[DOWNLOAD] "Deer Park (Essay)" by Northwest Review * eBook PDF Kindle ePub Free
eBook details
- Title: Deer Park (Essay)
- Author : Northwest Review
- Release Date : January 01, 2010
- Genre: Language Arts & Disciplines,Books,Professional & Technical,Education,
- Pages : * pages
- Size : 54 KB
Description
At the end of a rainy sleepless night, I'm out of the house armed with a 12-gauge shotgun, heading up through the hemlock woods to the garden. While I've been busy with an early harvest and devising ways to keep critters out of the fall seedlings, I've ignored the larger life around me, including the hemlocks, my companions most of my life. This dank morning the forest seems particularly alien to me. That line from the old song, "I talk to the trees but they don't listen to me," suggests a ridiculous egotism I hope I don't represent here. But it hits the bull's eye for me: I hear the trees talking in low whispering tones, but my talking to them is, well, inconsequential. The northern forest has always been considered a holy place. German theologian Rudolph Otto maps out the aesthetics of it in his book The Idea of the Holy. "The semi-darkness that glimmers in vaulted halls or beneath the branches of a lofty forest glade, strangely quickened and stirred by the mysterious play of half-lights, has always spoken eloquently to the soul." Otto says that to have a mystical effect the forest darkness must contrast with a flickering or dying light.

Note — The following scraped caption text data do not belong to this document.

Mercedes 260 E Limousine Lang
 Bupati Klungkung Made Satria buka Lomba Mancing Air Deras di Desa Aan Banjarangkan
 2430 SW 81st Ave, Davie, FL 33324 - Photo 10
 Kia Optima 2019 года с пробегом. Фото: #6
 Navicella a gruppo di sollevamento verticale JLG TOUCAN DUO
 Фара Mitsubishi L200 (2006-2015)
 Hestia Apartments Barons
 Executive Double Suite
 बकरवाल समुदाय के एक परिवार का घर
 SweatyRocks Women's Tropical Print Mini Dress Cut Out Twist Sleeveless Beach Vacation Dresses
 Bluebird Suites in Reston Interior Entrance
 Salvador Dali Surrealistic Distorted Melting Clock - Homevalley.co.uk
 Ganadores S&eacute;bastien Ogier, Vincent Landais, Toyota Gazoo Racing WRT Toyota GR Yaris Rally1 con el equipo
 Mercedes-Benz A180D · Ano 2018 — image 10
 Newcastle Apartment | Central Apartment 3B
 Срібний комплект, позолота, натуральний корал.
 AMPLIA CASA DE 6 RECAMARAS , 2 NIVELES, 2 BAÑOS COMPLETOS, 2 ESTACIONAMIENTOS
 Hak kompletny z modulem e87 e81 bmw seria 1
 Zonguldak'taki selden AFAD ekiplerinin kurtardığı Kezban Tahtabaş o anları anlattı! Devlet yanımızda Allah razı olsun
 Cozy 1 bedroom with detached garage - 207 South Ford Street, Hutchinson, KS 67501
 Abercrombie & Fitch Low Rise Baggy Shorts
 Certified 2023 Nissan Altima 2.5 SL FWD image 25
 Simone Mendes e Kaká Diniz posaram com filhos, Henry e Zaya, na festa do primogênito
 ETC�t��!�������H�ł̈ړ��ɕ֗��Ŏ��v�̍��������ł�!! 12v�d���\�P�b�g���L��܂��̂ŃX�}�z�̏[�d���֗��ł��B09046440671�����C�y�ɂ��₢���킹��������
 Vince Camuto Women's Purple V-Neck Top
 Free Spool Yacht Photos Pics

But I wonder if what we dub "mystical"--the mysterium tremendum experienced in old-growth forests--isn't just the awe of contemplating primordial survivors. The hemlocks around my garden aren't so much relics of that past as ghosts of it. And if ghosts are memories floating loose from bodies of the dead who once owned them, then these trees carry memories of long-gone snowstorms and blistering droughts beyond written history.